Print the line containing "Jones New York", then every line after it through the end of the material, exactly as written and without pictures.

Data excerpt -
▼
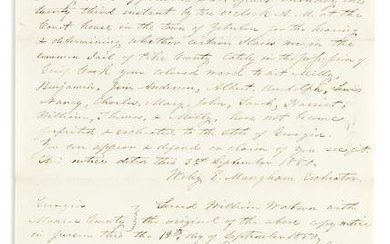(SLAVERY & ABOLITION.) Documents on the state's confiscation of 15 slaves owned by Grief Cook, a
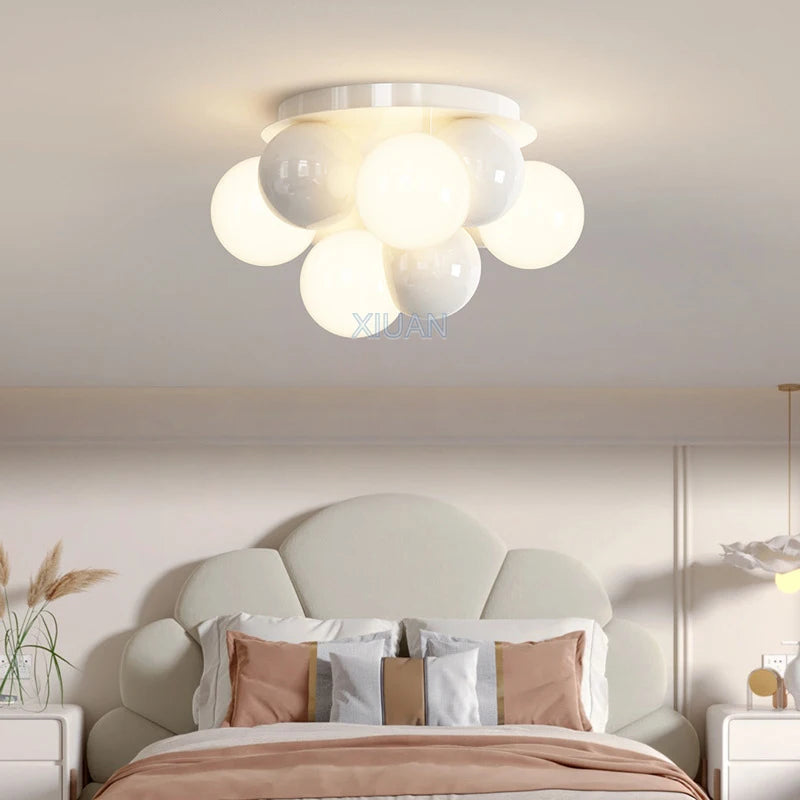 Lustre boule ronde nordique lumière bulle chambre plafonniers LED E27 salon salle à manger lustres pour chambre d'enfant - vue 4 sur 9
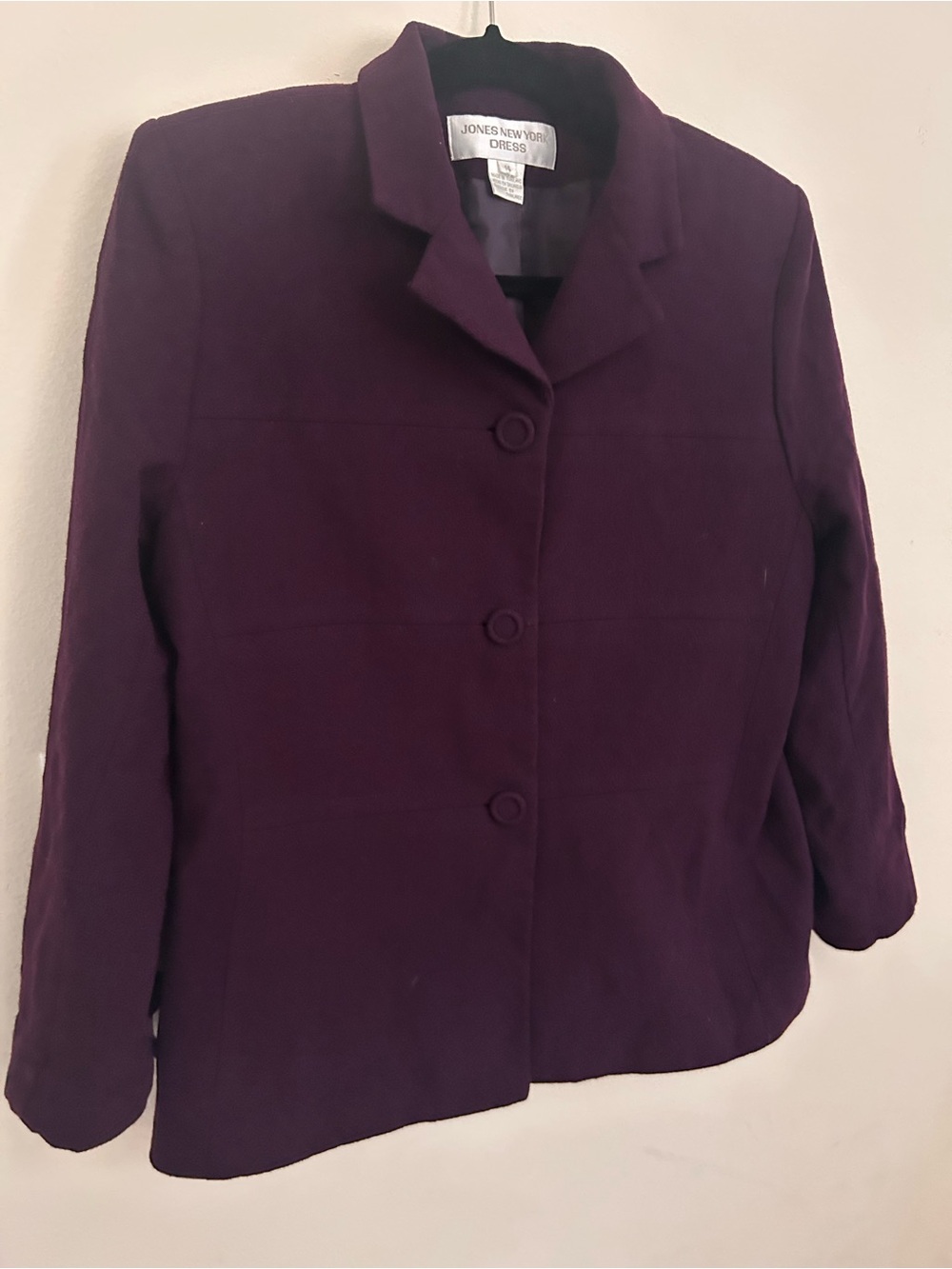 Jones New York 100% Pure New Wool Blazer –Purple, Size 14 – Classic Professional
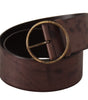 Dolce & Gabbana Dark Brown Wide Calf Leather Logo Round Buckle Belt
▲
Reply to the task -
 Jones New York 100% Pure New Wool Blazer –Purple, Size 14 – Classic Professional
 Dolce & Gabbana Dark Brown Wide Calf Leather Logo Round Buckle Belt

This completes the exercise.